World | India

Thousands of fleeing northeastern people reach Guwahati

Rapid action force troops deployed as exodus slows to a trickle and Assam ministers visit Hyderabad

  • IANS
  • Published: 17:15 August 18, 2012
  • Gulf News

  • Image Credit: AP
  • Supporters of the Bharatiya Janata Party (BJP) stage a protest against what they say is illegal migration of Muslims from Bangladesh to India, in Mumbai

Guwahati: Frustration and despair etched on their faces at leaving their jobs, thousands of people from the northeast, mostly youth, arrived in Guwahati on Saturday on the three special trains arranged by the Karnataka government.

The panic-stricken exodus ensued in wake of threats or rumoured threats of attacks on people from the northeast as retaliation for the communal clashes in Assam’s Bodo areas last month.

“I have been living in Bangalore for last five years. Some of my friends were threatened by some local people from the minority community that we have to leave Bangalore before August 20 or face dire consequences,” Bitopan Baruah, a native of Upper Assam’s Sivsagar district told IANS outside the Guwahati railway station.

“We decided to leave immediately and boarded the special train at Bangalore railway station on August 15,” said Baruah, who worked as security supervisor in Sai Kripa security agency and was presently posted in a firm, Adarsh Packaging.

“The work is important but to be alive is more important.

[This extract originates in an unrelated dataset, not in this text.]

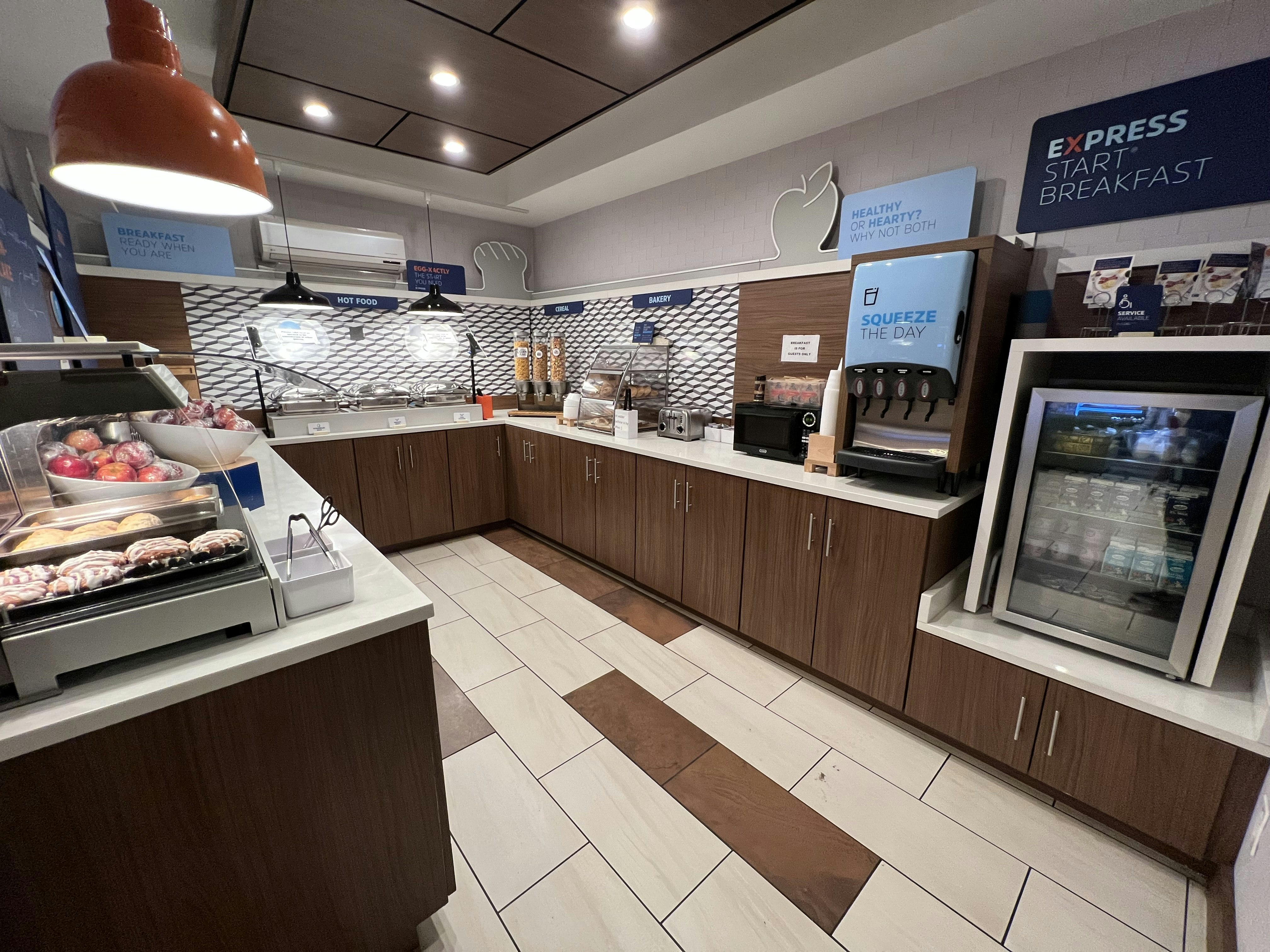 Holiday Inn Express Pittsburgh-Bridgeville 5/42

I would surely go back but only if the situation improves,” he said.

About 40 other young men of the same areas in Sivsagar district also returned in the same train. All of them have been working either as security guards or in some hotels and restaurants.

The story of everyone, who fled home due to the threat being circulated either through mobile phones or physically in a few cases, was almost the same. The individual stories of everyone indicate the strong presence of rumours, which had seemingly led to their flight.

“I have not received any threats on mobile. Some people armed with knives and daggers came to our room a few days back and asked us to leave the state by August 20. They also referred to the recent clashes in three districts of Assam and warned us of dire consequences,” said Diganta Pegu of Dhemaji.

“We tried to request them not to attack us but to no avail. What can we do in such a situation? My friends also informed that four people from the northeast were killed in Bangalore a few days back and that 11 youth of the northeast had gone missing in Bangalore in the last one week. So we decided to leave immediately,” he added.

“We also heard that the Muslim organisations will attack all the northeastern and Assamese people in particular after the holy month of Ramadan is over. We are told by people that the Muslim organisations will attack us to avenge the recent clash between the Bodos and Bengali-speaking Muslim settlers in three districts of Assam. My family is entirely dependent on me so I decided to return,” said Pankaj Gogoi of Jorhat, who had been working in Inox Multiplex in Bengaluru.

The return will cause a further headache for the Assam government as most of them are from remote parts of the state like Lakhimpur, Jorhat, Majuli, Sibsagar, Dhemaji, Udalguri, Kokrajhar where there is hardly any scope for employment. Agriculture is also not an option to earn a livelihood due to perennial problems like floods and erosion.